Kent State’s College of Public Health also offers a variety of graduate assistantships for students pursuing their Master's and Doctoral degrees.

==Faculty Information==

At the present time Kent State's College of Public Health has 18 full-time faculty members who operate across five disciplines: epidemiology, biostatistics, environmental health sciences, social and behavioral sciences and health policy and management. They have an established record of grant-funded scholarship and research, and throughout their careers have accumulated a total of $29 million in externally funded research.

Faculty members in the College of Public Health regularly engage in research that aims to provide solutions for societal problems such as preventing violence, responding to natural and manmade disasters, curbing substance abuse, and improving the delivery of healthcare.

==Student Alliance==

The Public Health Student Alliance (P.H.S.A.) at Kent State operates as the central student association and coordinating organization for the College of Public Health. Membership is open to any student interested in Public Health, and the overall mission is to improve society's quality of life. To become a member a student must fill out an application form and pay dues of $5.00/semester or $10/year.

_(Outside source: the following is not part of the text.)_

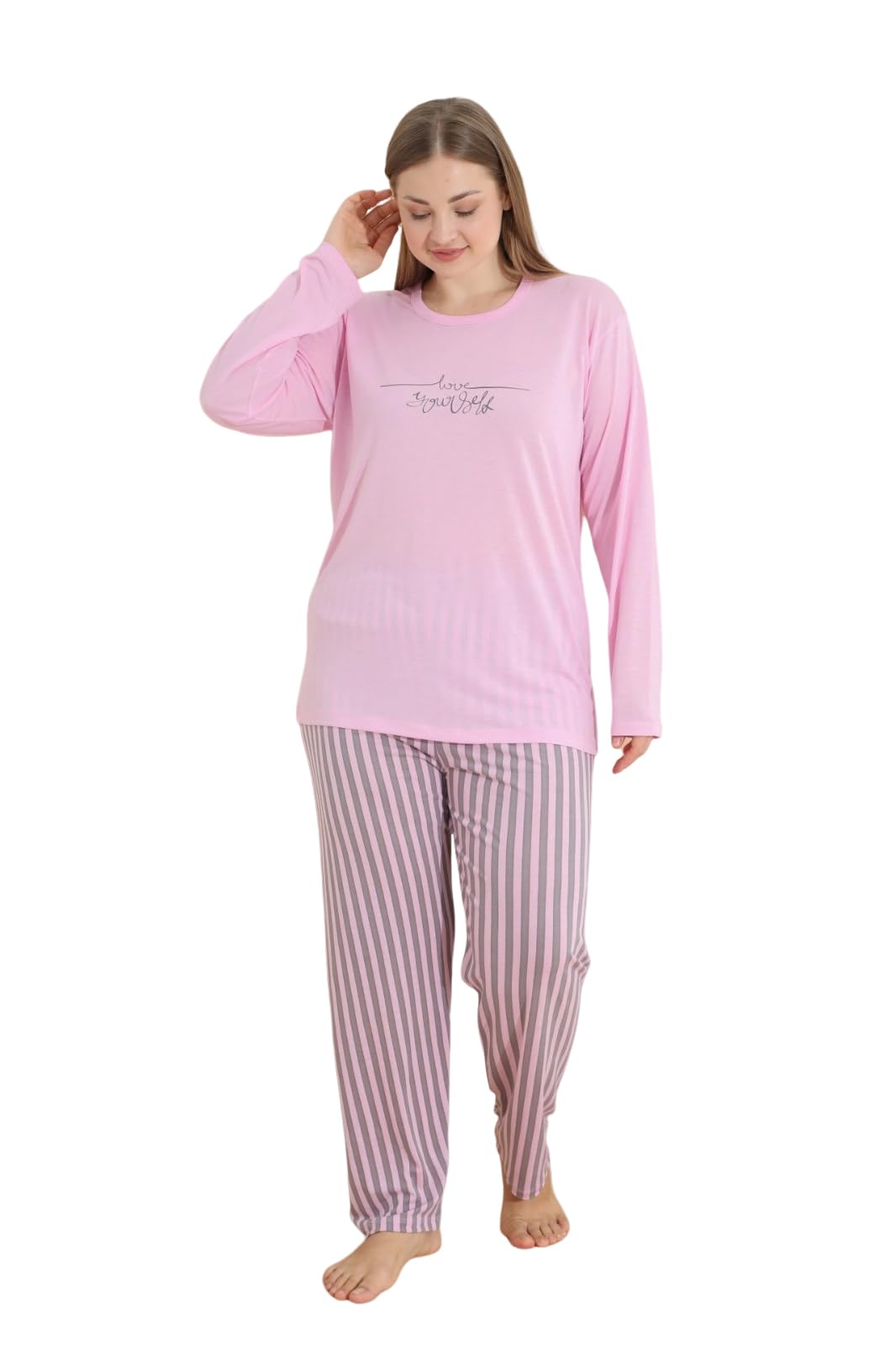 LindrosWomen's Plus Size 2-Piece Sleepwear Top and Pants Turkish Cotton Pajama Set Plus Size Homewear Nightwear Long Sleeve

P.H.S.A sponsors the college's Speaker Series, which brings in industry professionals, professors and researchers to talk about important issues within the public health arena.

==Advising Department==

The College of Public Health has its own advising department solely for students who are interested in pursuing a degree in public health. Students can schedule an individual advising appointment to ask questions, get additional information and receive assistance filling out forms.

==Accreditation==
The College of Public Health is seeking accreditation through the Council on Education for Public Health as a full school. On October 26, 2012, the college was announced as an Associate Member in the Association of Schools of Public Health, and is in its self-study period.